[Stored data]
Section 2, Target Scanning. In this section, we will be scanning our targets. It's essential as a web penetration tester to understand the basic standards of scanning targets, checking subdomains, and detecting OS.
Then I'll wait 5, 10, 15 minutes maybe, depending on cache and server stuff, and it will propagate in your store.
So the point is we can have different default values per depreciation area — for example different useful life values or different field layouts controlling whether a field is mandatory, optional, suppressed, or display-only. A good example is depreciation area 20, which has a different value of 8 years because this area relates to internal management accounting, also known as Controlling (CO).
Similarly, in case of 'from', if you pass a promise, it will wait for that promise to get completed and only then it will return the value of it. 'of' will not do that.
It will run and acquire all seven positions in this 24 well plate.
...
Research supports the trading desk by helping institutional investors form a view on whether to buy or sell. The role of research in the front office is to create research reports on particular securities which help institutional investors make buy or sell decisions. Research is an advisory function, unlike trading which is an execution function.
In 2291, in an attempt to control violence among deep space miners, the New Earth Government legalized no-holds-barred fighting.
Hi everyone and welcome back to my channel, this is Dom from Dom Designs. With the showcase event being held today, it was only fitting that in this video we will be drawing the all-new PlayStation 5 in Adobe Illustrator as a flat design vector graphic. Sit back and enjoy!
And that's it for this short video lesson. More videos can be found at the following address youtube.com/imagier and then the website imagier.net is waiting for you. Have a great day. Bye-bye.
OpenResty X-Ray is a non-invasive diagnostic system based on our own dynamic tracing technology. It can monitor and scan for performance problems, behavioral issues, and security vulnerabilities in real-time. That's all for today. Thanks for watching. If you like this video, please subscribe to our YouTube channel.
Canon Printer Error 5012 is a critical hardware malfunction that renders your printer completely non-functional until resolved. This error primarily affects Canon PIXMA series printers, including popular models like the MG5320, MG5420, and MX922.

• _Problem details_:
Your answer should be the exact lines above from the one with "Section 2, Target" through the one with "So the point", both included, and nothing besides.

• _Solution to this task_:
Section 2, Target Scanning. In this section, we will be scanning our targets. It's essential as a web penetration tester to understand the basic standards of scanning targets, checking subdomains, and detecting OS.
Then I'll wait 5, 10, 15 minutes maybe, depending on cache and server stuff, and it will propagate in your store.
So the point is we can have different default values per depreciation area — for example different useful life values or different field layouts controlling whether a field is mandatory, optional, suppressed, or display-only. A good example is depreciation area 20, which has a different value of 8 years because this area relates to internal management accounting, also known as Controlling (CO).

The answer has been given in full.